■ Task statement:
Can you quote, word for word, every line from the first line of the records below through the line containing "7616 NW Eastside Drive — photo 30", and nothing else?
----- Task input -----
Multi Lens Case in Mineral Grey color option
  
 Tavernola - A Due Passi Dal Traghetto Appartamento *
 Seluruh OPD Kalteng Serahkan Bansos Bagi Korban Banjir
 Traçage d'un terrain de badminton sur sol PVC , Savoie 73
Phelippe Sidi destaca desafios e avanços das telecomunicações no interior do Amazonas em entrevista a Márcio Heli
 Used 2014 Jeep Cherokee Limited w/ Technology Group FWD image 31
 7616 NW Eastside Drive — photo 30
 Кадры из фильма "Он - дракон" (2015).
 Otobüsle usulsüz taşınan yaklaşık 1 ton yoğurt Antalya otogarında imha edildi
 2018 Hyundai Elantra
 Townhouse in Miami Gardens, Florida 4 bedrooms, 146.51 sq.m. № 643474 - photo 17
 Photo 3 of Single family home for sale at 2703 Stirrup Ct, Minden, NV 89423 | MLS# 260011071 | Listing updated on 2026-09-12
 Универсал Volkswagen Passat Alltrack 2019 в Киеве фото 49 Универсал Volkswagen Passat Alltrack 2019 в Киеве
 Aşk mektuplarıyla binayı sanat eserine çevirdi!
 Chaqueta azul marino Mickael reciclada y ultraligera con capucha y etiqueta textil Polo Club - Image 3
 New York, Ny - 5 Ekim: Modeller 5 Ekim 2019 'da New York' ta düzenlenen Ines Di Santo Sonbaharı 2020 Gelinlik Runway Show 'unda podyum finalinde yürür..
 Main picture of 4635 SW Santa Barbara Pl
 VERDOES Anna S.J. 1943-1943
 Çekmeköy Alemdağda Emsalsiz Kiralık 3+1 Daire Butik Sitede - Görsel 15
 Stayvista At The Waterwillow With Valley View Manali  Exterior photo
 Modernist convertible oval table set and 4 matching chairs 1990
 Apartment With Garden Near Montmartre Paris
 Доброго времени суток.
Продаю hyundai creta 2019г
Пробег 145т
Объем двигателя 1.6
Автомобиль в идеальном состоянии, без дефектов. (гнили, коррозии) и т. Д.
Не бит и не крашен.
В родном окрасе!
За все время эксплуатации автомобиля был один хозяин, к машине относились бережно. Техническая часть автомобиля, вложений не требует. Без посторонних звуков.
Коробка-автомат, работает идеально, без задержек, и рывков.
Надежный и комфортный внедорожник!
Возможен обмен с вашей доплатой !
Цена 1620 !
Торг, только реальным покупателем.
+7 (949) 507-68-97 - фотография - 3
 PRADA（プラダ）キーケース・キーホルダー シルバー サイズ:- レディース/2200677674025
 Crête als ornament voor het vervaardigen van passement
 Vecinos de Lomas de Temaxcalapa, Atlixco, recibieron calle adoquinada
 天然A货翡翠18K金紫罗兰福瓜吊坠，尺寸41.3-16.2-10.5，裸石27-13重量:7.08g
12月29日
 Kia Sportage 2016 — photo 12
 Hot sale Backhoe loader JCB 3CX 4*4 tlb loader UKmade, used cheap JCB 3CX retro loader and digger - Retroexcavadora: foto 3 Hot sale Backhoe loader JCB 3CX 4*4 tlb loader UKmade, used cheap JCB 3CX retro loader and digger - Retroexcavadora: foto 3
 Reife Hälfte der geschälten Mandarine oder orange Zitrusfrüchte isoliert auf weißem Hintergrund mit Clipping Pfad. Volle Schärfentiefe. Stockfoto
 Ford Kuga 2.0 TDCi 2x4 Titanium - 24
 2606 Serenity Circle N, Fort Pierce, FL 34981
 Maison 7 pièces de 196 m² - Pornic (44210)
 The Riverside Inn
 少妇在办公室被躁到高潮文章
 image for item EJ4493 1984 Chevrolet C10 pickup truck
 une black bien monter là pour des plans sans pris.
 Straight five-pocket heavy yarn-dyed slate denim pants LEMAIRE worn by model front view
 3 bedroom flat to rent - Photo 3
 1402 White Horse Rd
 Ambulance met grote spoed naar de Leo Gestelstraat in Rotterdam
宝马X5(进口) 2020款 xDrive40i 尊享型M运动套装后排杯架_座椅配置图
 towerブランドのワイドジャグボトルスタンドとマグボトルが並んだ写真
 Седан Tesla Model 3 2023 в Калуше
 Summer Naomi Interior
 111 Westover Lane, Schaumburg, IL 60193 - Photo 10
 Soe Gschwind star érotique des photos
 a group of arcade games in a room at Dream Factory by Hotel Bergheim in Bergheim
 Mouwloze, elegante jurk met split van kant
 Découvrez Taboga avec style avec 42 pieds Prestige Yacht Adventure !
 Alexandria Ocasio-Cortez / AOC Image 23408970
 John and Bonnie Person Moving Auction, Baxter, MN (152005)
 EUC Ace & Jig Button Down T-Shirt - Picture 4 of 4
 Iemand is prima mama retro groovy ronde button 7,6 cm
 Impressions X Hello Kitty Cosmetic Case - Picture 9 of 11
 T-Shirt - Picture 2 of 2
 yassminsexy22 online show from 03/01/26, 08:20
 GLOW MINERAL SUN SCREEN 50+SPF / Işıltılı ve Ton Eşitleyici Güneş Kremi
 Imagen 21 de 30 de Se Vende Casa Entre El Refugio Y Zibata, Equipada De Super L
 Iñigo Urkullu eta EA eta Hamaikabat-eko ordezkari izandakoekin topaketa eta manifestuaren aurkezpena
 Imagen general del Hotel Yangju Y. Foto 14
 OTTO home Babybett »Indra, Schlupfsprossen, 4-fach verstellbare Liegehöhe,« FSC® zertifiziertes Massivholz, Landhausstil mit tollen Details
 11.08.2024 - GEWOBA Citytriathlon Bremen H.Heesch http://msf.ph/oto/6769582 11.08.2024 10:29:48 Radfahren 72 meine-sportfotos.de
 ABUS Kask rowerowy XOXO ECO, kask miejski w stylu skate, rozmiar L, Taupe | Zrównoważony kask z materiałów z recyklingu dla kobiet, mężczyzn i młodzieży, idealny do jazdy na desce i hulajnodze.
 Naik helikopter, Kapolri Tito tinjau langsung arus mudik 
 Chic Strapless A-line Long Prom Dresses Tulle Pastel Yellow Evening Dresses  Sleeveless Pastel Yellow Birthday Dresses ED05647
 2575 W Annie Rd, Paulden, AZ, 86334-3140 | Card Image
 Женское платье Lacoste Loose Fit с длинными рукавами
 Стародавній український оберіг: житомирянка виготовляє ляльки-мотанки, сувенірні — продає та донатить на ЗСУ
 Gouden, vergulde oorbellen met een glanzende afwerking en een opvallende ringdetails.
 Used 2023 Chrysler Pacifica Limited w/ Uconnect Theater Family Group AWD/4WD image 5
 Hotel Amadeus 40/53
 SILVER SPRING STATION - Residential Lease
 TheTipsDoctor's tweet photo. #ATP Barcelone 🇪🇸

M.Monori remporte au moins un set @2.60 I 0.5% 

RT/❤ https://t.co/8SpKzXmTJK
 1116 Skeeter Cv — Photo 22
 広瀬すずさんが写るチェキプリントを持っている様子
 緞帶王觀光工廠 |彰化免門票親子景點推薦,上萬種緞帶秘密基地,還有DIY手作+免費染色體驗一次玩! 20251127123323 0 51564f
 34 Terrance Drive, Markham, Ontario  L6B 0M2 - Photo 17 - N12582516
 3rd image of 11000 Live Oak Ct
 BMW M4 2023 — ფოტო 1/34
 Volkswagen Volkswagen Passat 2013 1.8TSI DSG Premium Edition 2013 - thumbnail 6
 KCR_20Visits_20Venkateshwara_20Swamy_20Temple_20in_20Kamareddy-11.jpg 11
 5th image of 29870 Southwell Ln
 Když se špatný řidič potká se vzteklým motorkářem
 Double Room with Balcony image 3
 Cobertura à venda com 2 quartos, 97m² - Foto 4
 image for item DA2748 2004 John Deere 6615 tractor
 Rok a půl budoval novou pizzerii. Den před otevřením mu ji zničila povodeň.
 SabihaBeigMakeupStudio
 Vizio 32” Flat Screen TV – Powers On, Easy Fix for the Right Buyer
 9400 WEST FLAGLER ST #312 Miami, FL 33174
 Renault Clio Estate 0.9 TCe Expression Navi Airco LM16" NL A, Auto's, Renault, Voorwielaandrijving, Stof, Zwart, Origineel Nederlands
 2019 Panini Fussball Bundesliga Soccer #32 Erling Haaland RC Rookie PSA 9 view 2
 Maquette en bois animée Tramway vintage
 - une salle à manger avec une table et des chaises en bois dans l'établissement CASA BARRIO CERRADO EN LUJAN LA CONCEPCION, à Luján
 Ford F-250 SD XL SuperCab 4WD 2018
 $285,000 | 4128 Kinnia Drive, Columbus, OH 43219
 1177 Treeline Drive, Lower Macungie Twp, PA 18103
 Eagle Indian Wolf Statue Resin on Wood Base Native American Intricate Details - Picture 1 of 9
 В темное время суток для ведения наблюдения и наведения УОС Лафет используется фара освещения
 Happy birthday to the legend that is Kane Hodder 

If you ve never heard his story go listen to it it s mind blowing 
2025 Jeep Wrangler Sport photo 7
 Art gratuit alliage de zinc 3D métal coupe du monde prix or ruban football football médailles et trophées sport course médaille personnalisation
-----
■ Response area:
Multi Lens Case in Mineral Grey color option
  
 Tavernola - A Due Passi Dal Traghetto Appartamento *
 Seluruh OPD Kalteng Serahkan Bansos Bagi Korban Banjir
 Traçage d'un terrain de badminton sur sol PVC , Savoie 73
Phelippe Sidi destaca desafios e avanços das telecomunicações no interior do Amazonas em entrevista a Márcio Heli
 Used 2014 Jeep Cherokee Limited w/ Technology Group FWD image 31
 7616 NW Eastside Drive — photo 30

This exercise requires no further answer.